Please retype the entries below exactly, only from their first line through the line containing "宏泰人壽董事長李啓賢表示,從", leaving every picture out.

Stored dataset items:

BEGIN

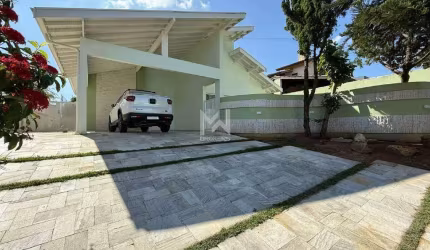 Casa térrea à venda no Condomínio Estância Marambaia em Vinhedo - SP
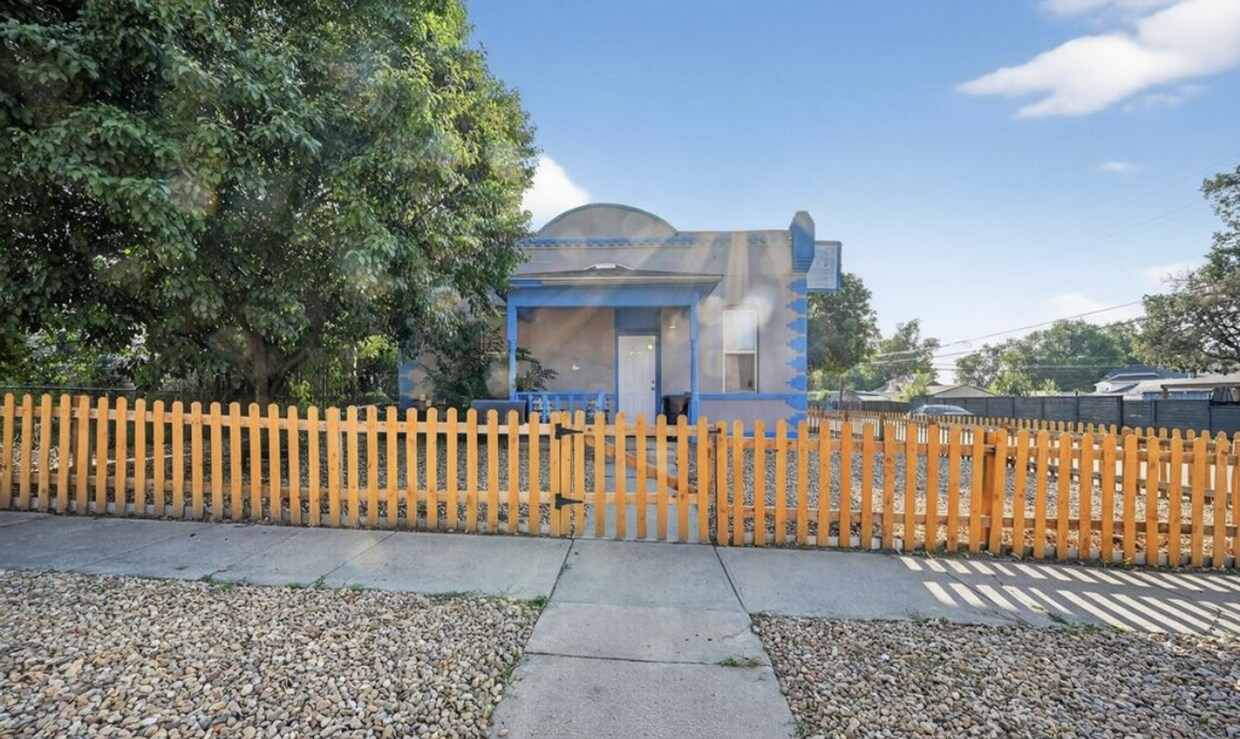 Charming half duplex in Sloane's Lake - Charming half duplex in Sloane's Lake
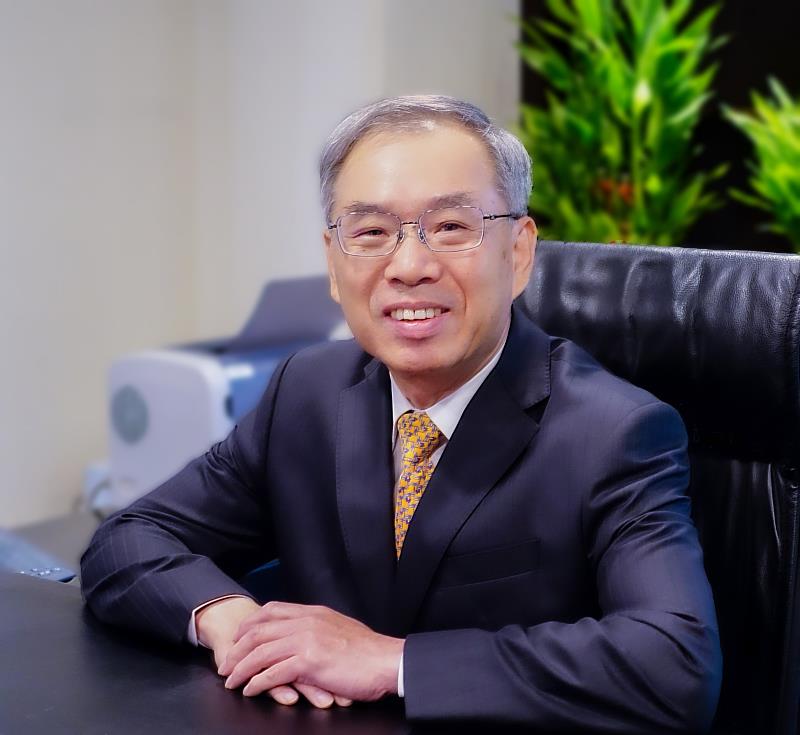 宏泰人壽董事長李啓賢表示,從近二年度財報結果可以看出宏泰人壽對於改善財務體質的用心與努力,透過各項財務改善計畫的執行,財務指標持續穩定達標。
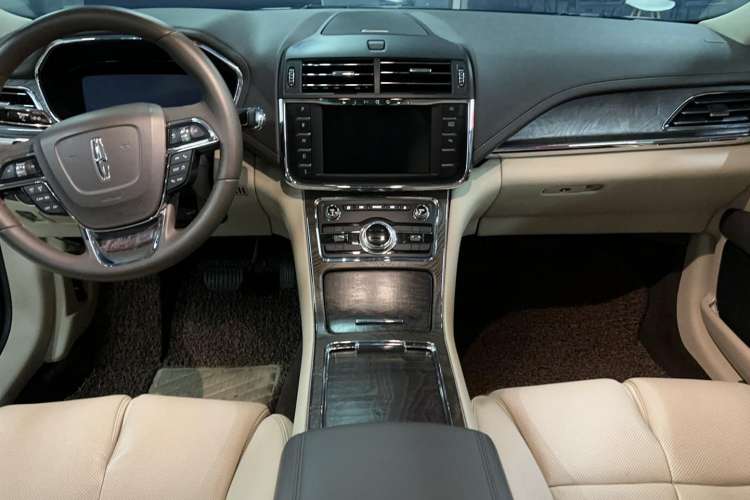 Used Lincoln Continental 2017 2.0T Two-Wheel Drive Deluxe Edition
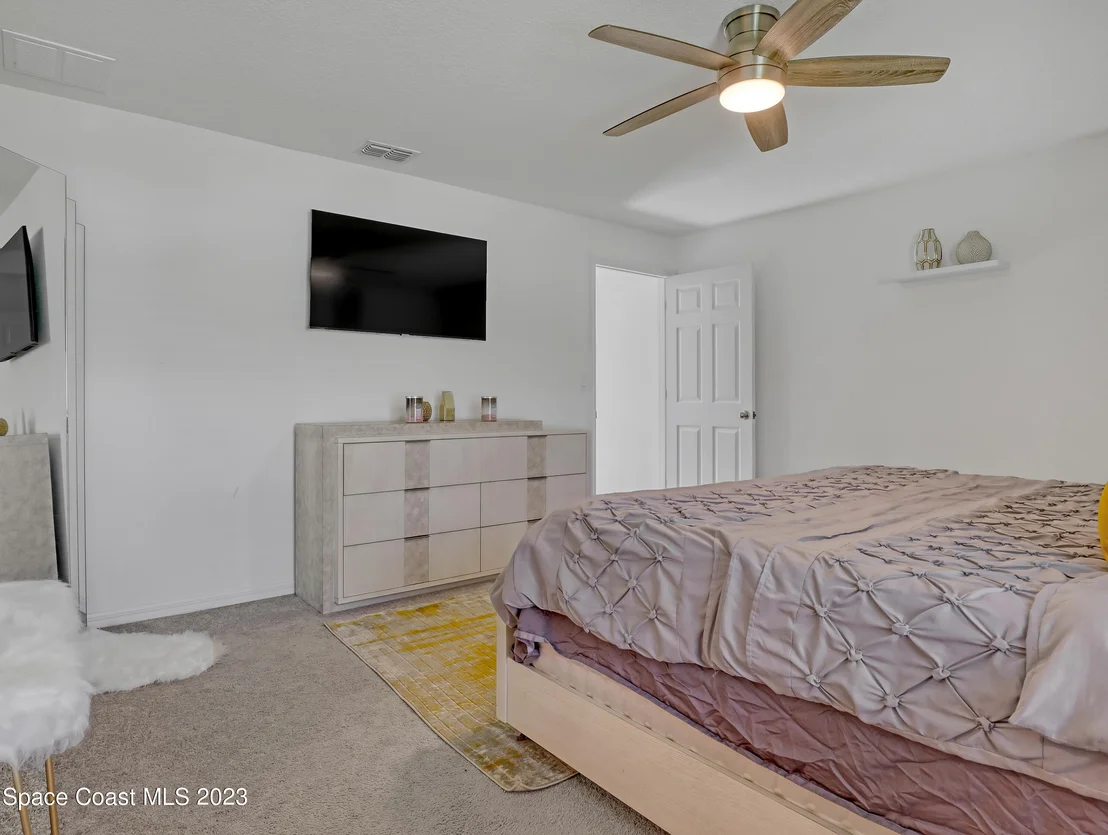 Photo of 1100 Eldron Boulevard SE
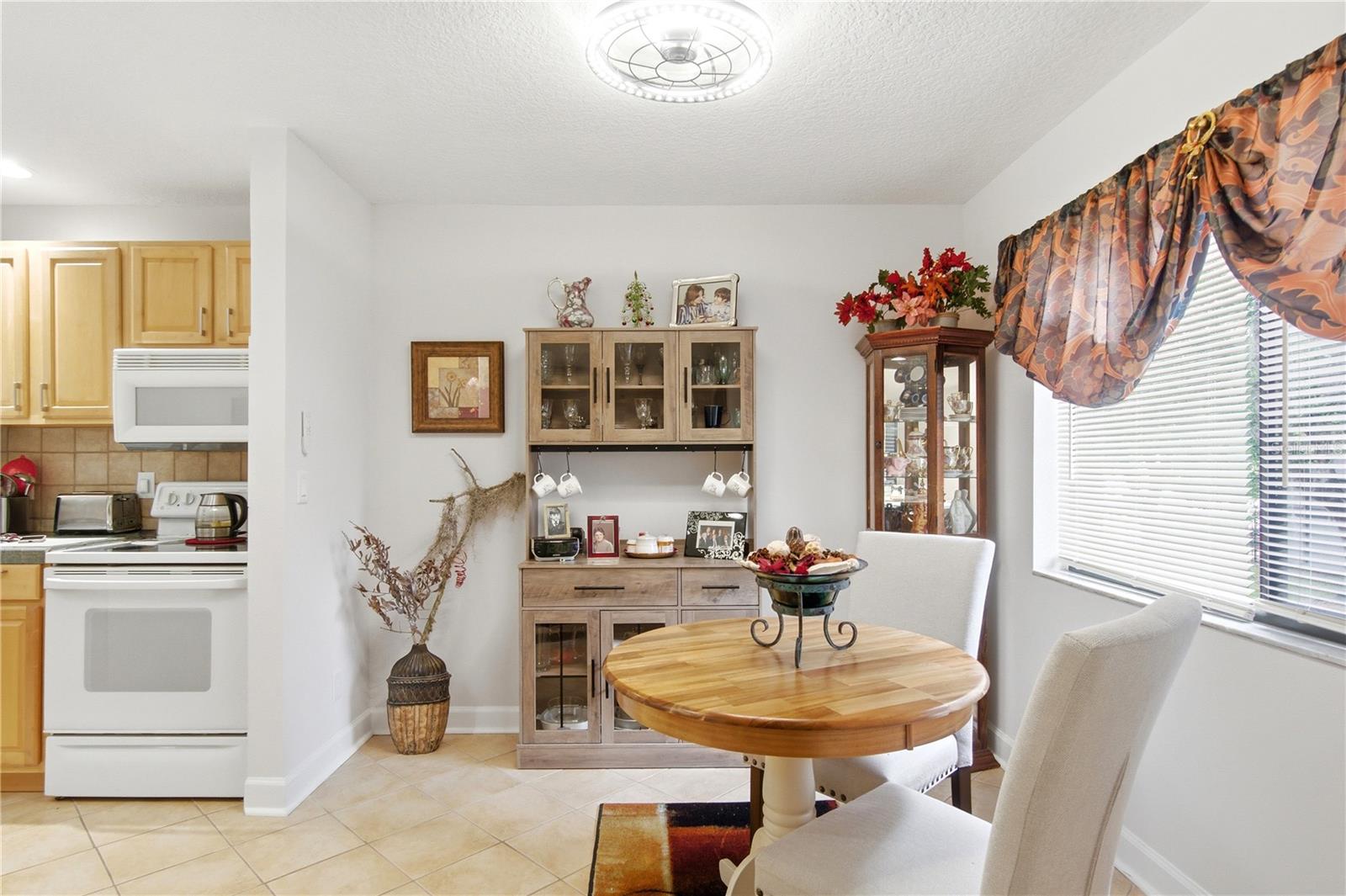 SHANGRI LA CONDO - Residential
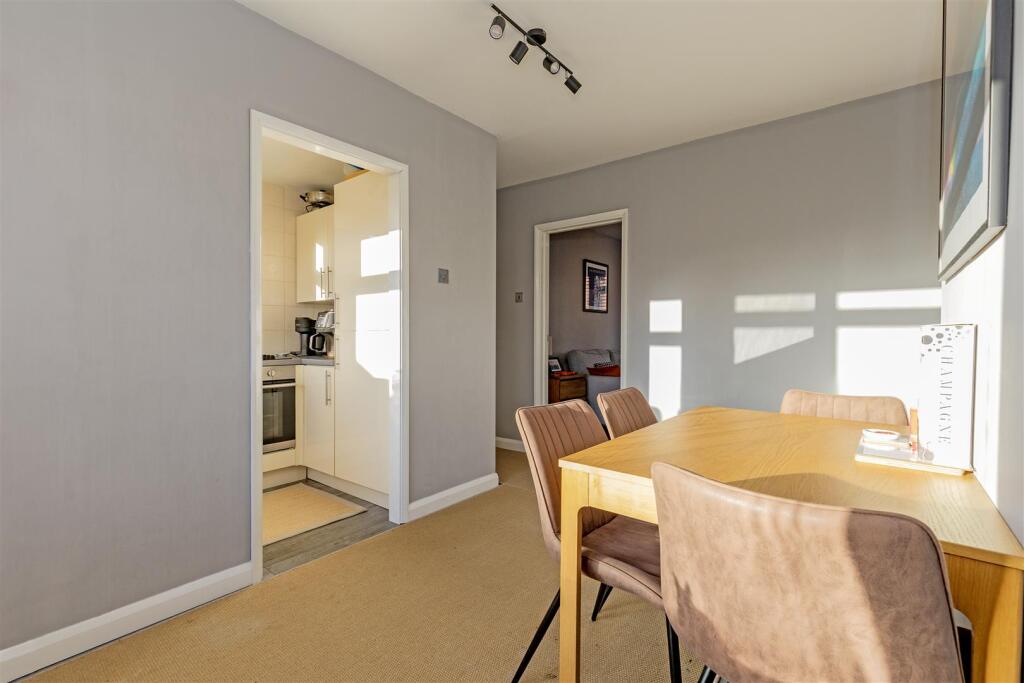 Dining Room-3.jpg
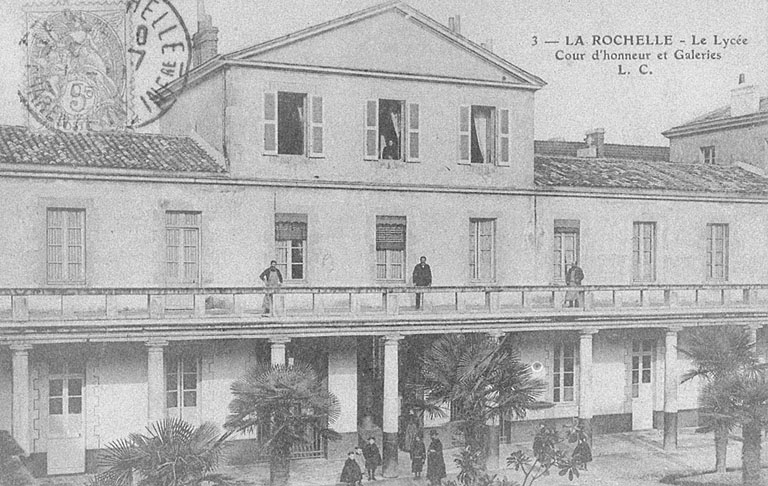 Cour d'honneur et galeries.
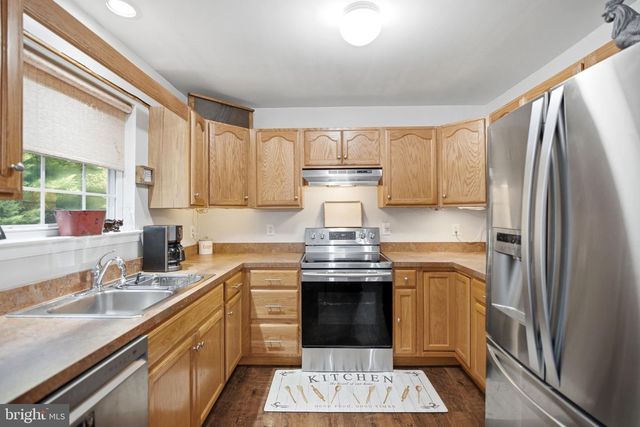 29 CLEMATIS CT, Martinsburg, WV 25401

END

● **Result below**:
 Casa térrea à venda no Condomínio Estância Marambaia em Vinhedo - SP
 Charming half duplex in Sloane's Lake - Charming half duplex in Sloane's Lake
 宏泰人壽董事長李啓賢表示,從近二年度財報結果可以看出宏泰人壽對於改善財務體質的用心與努力,透過各項財務改善計畫的執行,財務指標持續穩定達標。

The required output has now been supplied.